In the recent past, this Court has crystallised its view on this issue and gone back to embrace previous views on this issue as expressed above, to the effect that the jurisdiction of the Federal High Court is basically limited to all federal causes and matters. The learned Appellant’s counsel cited among others, previous opinions of this Court set out in Oloruntoba Oju & Ors v. Dopemu & Ors (2008) 7 NWLR Pt. 1085 Pg. 1 (etc) where this Court held that the aim of paragraphs (q) (r) & (s) of Subsection 1 of Section 251 of the 1999 Constitution was to vest exclusive jurisdiction in the Federal High Court in matter which the Federal Government or any of its agencies was a party. The ratio then was that a State High Court would no longer have jurisdiction in such matters notwithstanding the nature of the claim in the action.

The current conventional wisdom is as stated in Oil & Gas Export Free Zone Authority v. Dr. T. C. Osanakpo (2019) 6 NWLR Pt. 1668, where this Court held at Pg. 227 of the NWLR as follows:

“Section 251 (1) of the 1999 Constitution (as amended) does not vest the Federal High Court with jurisdiction over an action based on simple contract or debt recovery even if the defendant to the action is an agency of the Federal Government. Put differently, it is the State High Court and not the Federal High Court that has the jurisdiction to hear and determine claims founded on simple contract irrespective of who the parties are. In this case, the subject matter of the suit is recovery of professional fees, a simple debt. So the trial Court and the Court of Appeal rightly held that Section 251 (1) of the 1999 Constitution (as amended) did not oust the jurisdiction of the trial Court.”

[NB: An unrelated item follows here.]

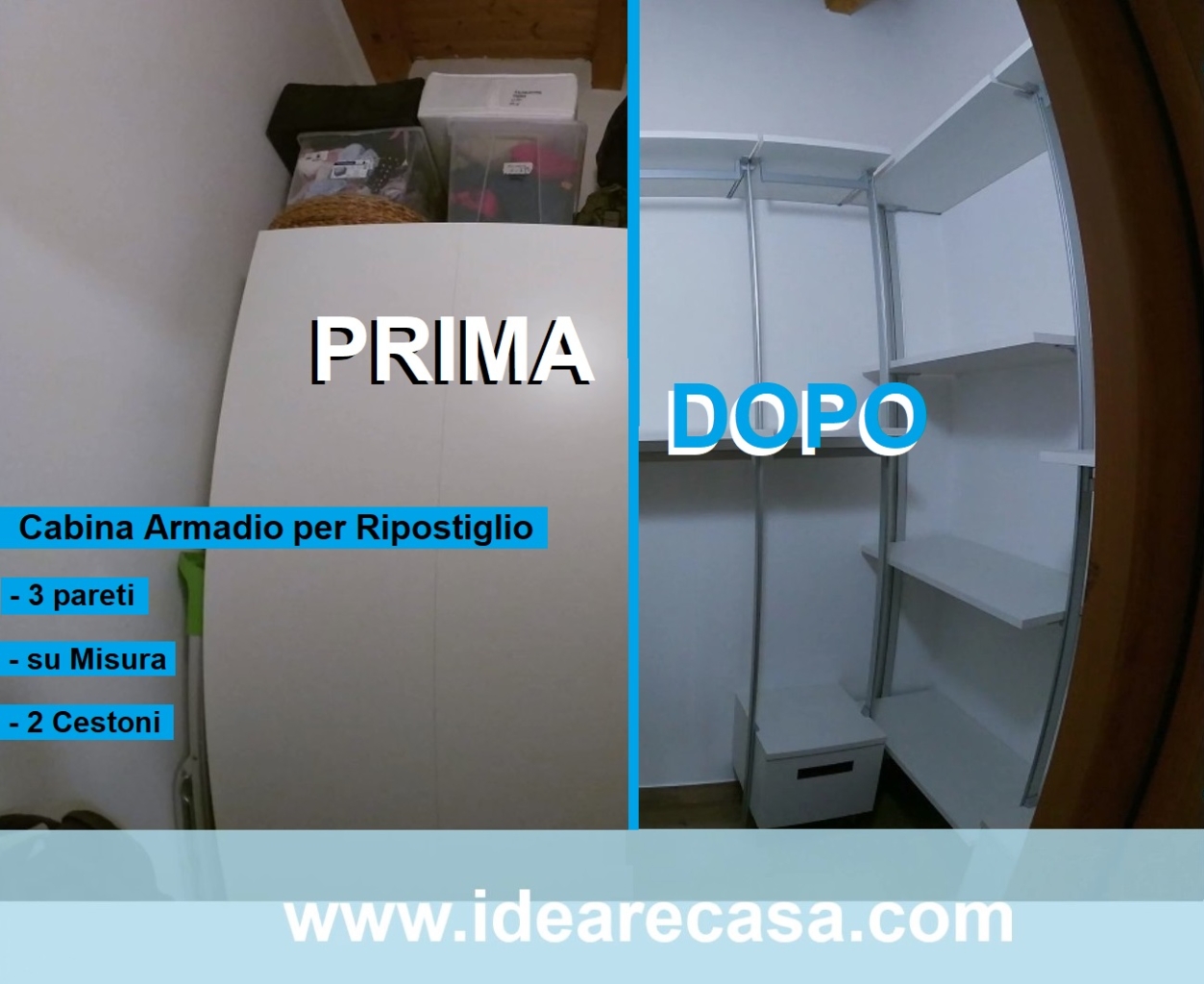 3 Wall Walk-in Closet Made to Measure for Storage Room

See also Rahman Bros v. NPA (2019) LPELR-46415 (SC) and the latest authority on this point; Statoil Nig. Ltd v. Inducon Nig, Ltd (2021) 7 NWLR Pt. 1774 Pg. 1 at Pg. 75-76.

The law is that it is not enough for the Respondent to be a Federal Government department or agency. The subject matter of the action must also fall within the jurisdiction of the Federal High Court. I resolve this issue in favour of the Respondent against the Appellant.

I hold that the trial Court was wrong to have upheld the Appellant’s Preliminary Objection and declined jurisdiction based on the service of the writ on the Appellant at the address it held out to be its corporate address to refuse to hear the claim which in fact is a simple contract and one the trial Court had jurisdiction to entertain. I resolve this issue against the Appellant.

ISSUE TWO

Whether it was proper for the Honourable Lower Court to exercise original jurisdiction in favour of the Respondent in respect of his claim which the Honourable Lower Court did not hear on the basis of lack of jurisdiction.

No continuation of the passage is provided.